Projeto defende direitos de mulheres grávidas em situação de rua

Via @consultor_juridico | Sob a alegação de primar pelo “melhor interesse e bem-estar da criança”, muitos bebês perdem o direito à convivência familiar quando as mães se encontram em situação de rua. O estigma e o preconceito são o principal motivo para que separações sumárias aconteçam desde a maternidade, desrespeitando, assim, não apenas os direitos do recém-nascido, como também os da mãe.

Segundo relatos de profissionais que trabalham com a população de rua, muitas mulheres perdem seus filhos para o entendimento generalizado de que não têm condição de criar a criança nesse contexto. Contudo, quais os cuidados efetivos que o Estado oferece para a proteção da maternidade em situações de vulnerabilidade?

Essa pergunta norteou o estudo realizado pela Clínica de Direitos Humanos Luiz Gama, extensão da Faculdade de Direito da Universidade de São Paulo, que mapeou o fluxo de atendimento a essas mães e bebês para compreender quais os direitos e as violações sofridas por essa população. Também verificou a falta de políticas públicas existentes nesse cenário, o que contribui para esse afastamento.

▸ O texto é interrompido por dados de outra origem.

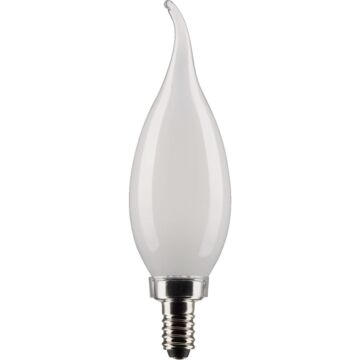 Satco 40W Equivalent Warm White Frosted CA10 Candelabra LED Decorative Light Bulb (2-Pack)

Os diálogos realizados com profissionais da rede de serviços, como o Consultório na Rua (que realiza o atendimento e acompanhamento médico dessas pessoas), a Defensoria Pública do Estado de São Paulo e o Serviço Especial de Abordagem Social, entre outros, foram reunidos no relatório “Primeira Infância e Maternidade nas Ruas” .

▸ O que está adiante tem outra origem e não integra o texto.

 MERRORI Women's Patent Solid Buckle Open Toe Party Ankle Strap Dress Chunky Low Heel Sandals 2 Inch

A partir desse trabalho, a Clínica desenvolveu o projeto “Oficinas Primeira infância e maternidade nas ruas de São Paulo”, que venceu a primeira edição do Prêmio Prioridade Absoluta do Conselho Nacional de Justiça, na categoria Poder Público, Eixo Protetivo. Com o objetivo de capacitar os profissionais sobre as normas legais existentes, promover um espaço de escuta e mostrar por meio da humanização dos serviços que é possível fazer diferente. 

Levando em conta cada situação, as oficinas promovem o debate e a empatia, por meio de um jogo que conta a trajetória de uma mulher grávida em situação de rua. Para uma das pesquisadoras responsável pelo projeto, a doutoranda Janaína Gomes, as oficinas têm se mostrado efetivas para mostrar caminhos melhores para os profissionais.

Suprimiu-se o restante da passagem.